WHAT THIS TASK INVOLVES
Print the range of lines that opens with the line containing "this 340×270 image." and closes with the last line of the listing. Include both ends; print nothing more.
# # # # # # #
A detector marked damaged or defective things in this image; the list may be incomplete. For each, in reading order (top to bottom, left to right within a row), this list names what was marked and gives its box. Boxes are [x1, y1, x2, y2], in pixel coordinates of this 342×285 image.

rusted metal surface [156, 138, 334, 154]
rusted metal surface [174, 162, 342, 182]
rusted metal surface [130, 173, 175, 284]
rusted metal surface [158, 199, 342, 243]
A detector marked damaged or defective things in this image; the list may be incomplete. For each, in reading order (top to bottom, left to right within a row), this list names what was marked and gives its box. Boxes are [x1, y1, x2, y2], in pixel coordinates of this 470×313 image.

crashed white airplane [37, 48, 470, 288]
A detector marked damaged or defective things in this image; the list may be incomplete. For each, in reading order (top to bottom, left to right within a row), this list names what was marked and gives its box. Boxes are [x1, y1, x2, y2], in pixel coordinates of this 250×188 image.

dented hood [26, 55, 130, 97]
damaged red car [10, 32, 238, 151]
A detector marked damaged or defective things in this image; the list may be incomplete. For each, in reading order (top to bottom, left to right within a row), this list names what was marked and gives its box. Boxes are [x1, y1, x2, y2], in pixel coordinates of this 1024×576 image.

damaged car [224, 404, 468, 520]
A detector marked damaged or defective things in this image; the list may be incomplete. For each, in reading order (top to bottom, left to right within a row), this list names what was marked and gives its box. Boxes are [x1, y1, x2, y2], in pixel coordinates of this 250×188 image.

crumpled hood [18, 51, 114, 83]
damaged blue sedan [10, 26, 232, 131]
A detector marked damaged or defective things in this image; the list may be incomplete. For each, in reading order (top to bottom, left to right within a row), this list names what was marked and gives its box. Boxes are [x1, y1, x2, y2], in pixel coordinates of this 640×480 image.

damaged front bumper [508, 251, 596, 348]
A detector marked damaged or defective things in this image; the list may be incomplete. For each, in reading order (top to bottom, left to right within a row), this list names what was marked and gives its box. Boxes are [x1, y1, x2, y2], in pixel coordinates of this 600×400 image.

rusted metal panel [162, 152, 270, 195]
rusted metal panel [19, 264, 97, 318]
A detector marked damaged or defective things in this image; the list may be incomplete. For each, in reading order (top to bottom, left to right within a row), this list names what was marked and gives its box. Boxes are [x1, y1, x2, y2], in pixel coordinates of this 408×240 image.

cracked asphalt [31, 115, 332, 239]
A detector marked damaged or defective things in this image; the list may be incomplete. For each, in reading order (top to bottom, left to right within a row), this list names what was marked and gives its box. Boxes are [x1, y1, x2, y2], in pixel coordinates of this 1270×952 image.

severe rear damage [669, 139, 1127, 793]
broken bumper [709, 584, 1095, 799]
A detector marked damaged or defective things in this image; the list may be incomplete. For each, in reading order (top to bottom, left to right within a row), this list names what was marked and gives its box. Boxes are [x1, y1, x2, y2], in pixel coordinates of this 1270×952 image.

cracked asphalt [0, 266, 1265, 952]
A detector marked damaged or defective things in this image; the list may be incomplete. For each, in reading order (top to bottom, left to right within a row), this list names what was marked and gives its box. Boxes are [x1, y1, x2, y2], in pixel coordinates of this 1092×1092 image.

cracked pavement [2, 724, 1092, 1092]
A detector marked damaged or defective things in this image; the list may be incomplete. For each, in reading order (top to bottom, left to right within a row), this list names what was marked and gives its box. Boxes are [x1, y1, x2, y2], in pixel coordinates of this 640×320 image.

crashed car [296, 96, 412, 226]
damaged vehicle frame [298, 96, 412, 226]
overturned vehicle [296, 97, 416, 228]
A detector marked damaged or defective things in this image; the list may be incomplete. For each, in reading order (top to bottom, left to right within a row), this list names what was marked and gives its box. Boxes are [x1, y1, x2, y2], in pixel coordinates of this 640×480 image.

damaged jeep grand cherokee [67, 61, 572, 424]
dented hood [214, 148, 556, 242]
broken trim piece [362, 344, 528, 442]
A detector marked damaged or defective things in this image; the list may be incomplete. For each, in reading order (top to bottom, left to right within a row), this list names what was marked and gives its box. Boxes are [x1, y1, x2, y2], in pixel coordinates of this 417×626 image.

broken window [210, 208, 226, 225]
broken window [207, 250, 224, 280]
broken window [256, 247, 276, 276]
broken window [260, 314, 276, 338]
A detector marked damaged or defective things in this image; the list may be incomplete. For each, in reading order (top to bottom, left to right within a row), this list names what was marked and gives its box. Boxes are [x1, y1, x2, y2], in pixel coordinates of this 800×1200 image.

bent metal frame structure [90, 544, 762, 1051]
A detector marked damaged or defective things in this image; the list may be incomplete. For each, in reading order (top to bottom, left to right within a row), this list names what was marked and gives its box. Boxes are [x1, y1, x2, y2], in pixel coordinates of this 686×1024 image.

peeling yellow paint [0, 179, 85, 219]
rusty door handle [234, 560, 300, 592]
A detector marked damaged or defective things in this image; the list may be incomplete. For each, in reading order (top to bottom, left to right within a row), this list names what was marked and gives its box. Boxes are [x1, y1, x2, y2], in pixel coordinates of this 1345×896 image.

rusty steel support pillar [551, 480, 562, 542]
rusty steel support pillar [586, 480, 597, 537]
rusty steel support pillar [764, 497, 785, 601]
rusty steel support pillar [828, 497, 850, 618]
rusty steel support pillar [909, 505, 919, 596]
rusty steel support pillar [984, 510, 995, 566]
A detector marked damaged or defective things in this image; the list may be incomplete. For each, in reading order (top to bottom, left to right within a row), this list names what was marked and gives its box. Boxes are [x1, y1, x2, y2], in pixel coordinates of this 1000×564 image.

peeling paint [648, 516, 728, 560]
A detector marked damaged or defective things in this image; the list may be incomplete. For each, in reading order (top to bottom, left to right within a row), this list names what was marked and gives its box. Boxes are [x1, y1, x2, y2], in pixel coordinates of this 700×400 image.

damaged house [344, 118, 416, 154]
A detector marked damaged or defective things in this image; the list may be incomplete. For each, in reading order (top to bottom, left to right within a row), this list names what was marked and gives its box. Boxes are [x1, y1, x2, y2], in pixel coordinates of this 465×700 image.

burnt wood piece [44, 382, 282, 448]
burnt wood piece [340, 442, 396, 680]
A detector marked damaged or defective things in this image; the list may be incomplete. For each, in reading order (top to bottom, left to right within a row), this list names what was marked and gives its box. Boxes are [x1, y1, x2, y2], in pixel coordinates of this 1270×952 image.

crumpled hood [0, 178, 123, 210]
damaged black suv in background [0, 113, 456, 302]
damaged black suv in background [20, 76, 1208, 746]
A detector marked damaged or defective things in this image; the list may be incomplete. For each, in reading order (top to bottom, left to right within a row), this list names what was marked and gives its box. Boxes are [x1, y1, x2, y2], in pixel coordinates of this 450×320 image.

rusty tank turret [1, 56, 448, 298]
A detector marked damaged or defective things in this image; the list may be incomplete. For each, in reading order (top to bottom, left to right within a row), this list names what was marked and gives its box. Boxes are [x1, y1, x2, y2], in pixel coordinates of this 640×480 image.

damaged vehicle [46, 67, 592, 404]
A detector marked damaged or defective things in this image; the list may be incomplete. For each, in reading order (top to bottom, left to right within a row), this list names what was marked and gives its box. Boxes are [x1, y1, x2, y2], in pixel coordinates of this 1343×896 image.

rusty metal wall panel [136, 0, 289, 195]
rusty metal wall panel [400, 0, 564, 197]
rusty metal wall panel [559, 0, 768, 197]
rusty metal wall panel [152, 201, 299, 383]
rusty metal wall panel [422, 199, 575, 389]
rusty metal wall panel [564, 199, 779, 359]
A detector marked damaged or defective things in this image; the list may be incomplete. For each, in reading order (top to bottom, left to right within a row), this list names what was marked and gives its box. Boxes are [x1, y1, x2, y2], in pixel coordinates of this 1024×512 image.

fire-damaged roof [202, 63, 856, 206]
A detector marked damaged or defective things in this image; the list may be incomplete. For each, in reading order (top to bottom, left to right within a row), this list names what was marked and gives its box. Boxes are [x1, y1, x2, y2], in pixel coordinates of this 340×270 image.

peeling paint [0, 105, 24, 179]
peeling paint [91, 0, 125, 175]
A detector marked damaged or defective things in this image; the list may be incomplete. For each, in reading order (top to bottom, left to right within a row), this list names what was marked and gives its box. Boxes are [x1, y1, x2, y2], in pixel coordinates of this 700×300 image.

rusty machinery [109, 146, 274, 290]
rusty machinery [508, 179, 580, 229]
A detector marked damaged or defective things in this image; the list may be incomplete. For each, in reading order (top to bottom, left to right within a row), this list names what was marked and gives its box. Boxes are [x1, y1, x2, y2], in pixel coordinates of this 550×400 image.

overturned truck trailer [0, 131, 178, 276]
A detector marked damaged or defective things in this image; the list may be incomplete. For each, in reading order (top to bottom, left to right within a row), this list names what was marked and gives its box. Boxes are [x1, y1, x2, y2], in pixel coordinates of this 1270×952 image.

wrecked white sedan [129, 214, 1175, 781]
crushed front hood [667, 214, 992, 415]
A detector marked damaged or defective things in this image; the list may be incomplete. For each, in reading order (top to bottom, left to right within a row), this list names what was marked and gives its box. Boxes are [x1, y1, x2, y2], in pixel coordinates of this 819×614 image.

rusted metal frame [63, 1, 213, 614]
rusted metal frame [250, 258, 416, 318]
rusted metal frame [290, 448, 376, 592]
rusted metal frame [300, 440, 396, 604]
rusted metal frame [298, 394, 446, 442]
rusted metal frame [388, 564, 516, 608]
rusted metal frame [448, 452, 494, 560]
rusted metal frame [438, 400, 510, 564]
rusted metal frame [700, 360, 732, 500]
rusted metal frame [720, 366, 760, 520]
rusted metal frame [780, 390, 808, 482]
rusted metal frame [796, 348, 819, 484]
# # # # # # #
SOLUTION TO THE EXERCISE
A detector marked damaged or defective things in this image; the list may be incomplete. For each, in reading order (top to bottom, left to right within a row), this list names what was marked and gives its box. Boxes are [x1, y1, x2, y2], in pixel coordinates of this 340×270 image.

peeling paint [0, 105, 24, 179]
peeling paint [91, 0, 125, 175]
A detector marked damaged or defective things in this image; the list may be incomplete. For each, in reading order (top to bottom, left to right within a row), this list names what was marked and gives its box. Boxes are [x1, y1, x2, y2], in pixel coordinates of this 700×300 image.

rusty machinery [109, 146, 274, 290]
rusty machinery [508, 179, 580, 229]
A detector marked damaged or defective things in this image; the list may be incomplete. For each, in reading order (top to bottom, left to right within a row), this list names what was marked and gives its box. Boxes are [x1, y1, x2, y2], in pixel coordinates of this 550×400 image.

overturned truck trailer [0, 131, 178, 276]
A detector marked damaged or defective things in this image; the list may be incomplete. For each, in reading order (top to bottom, left to right within a row), this list names what was marked and gives its box. Boxes are [x1, y1, x2, y2], in pixel coordinates of this 1270×952 image.

wrecked white sedan [129, 214, 1175, 781]
crushed front hood [667, 214, 992, 415]
A detector marked damaged or defective things in this image; the list may be incomplete. For each, in reading order (top to bottom, left to right within a row), this list names what was marked and gives its box. Boxes are [x1, y1, x2, y2], in pixel coordinates of this 819×614 image.

rusted metal frame [63, 1, 213, 614]
rusted metal frame [250, 258, 416, 318]
rusted metal frame [290, 448, 376, 592]
rusted metal frame [300, 440, 396, 604]
rusted metal frame [298, 394, 446, 442]
rusted metal frame [388, 564, 516, 608]
rusted metal frame [448, 452, 494, 560]
rusted metal frame [438, 400, 510, 564]
rusted metal frame [700, 360, 732, 500]
rusted metal frame [720, 366, 760, 520]
rusted metal frame [780, 390, 808, 482]
rusted metal frame [796, 348, 819, 484]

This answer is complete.